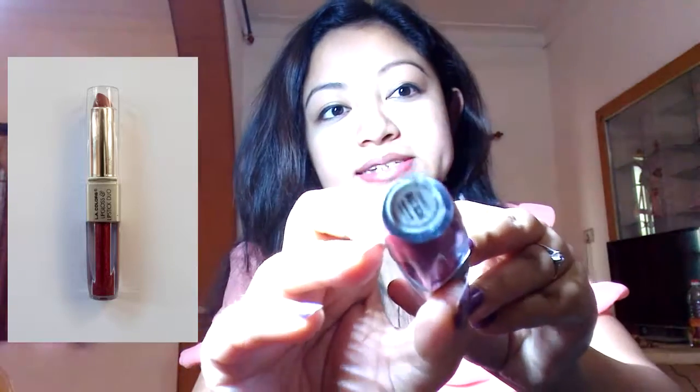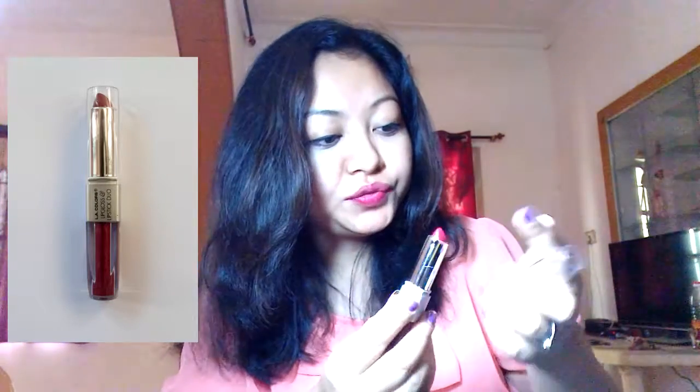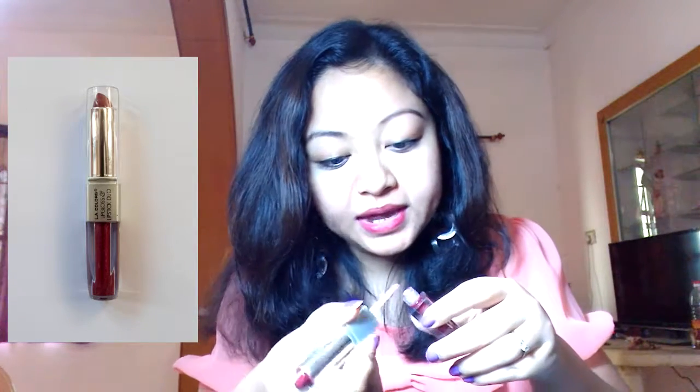So this next one is in the shade of Charmed, BLC 826. It's also a lipstick duo. The color from the outside is a bit dark — dark brown in color. I'm going to put it on my lips now. The color is a bit brownish — actually it's a combination of dark pink and brown.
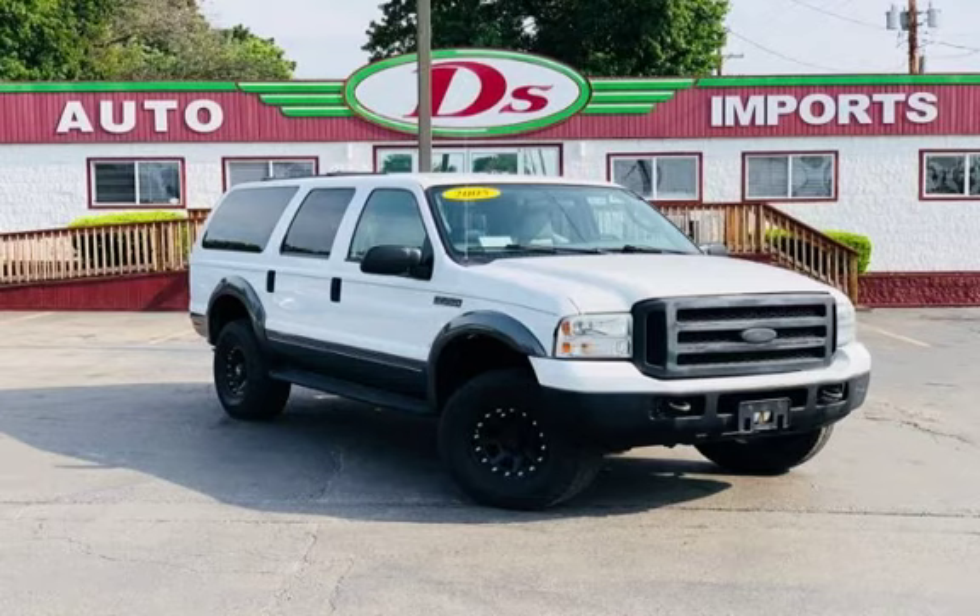Auto Imports strives for 100% customer satisfaction. All of D's quality vehicles are thoroughly inspected before they are offered with a D's 90-day drive away limited warranty.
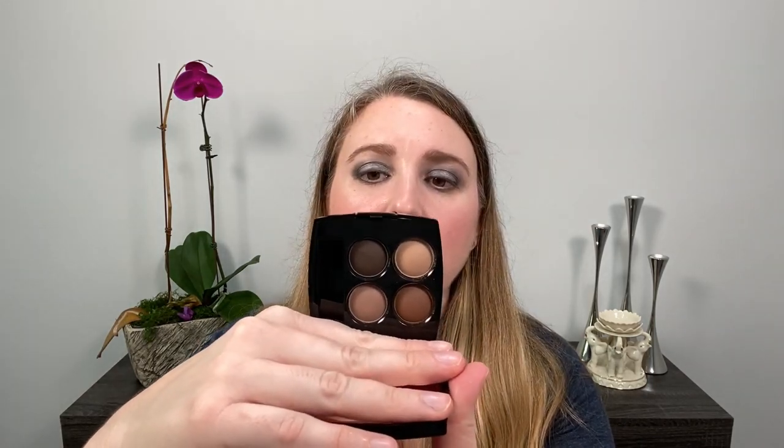Last up we have the Chanel Claire Obscure eyeshadow palette in 308 — warm neutrals that are all matte. I love them. I think they give a very sophisticated look. This is a palette I would repurchase — it's a great staple to have on hand and I'm really glad I picked this one up.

■ ■ ■

* Your objective
Output only the lines running from the top of the data above to the line with "Auto Imports strives", inclusive, word for word and without pictures.

* Result of the task
So this next one is in the shade of Charmed, BLC 826. It's also a lipstick duo. The color from the outside is a bit dark — dark brown in color. I'm going to put it on my lips now. The color is a bit brownish — actually it's a combination of dark pink and brown.
Auto Imports strives for 100% customer satisfaction. All of D's quality vehicles are thoroughly inspected before they are offered with a D's 90-day drive away limited warranty.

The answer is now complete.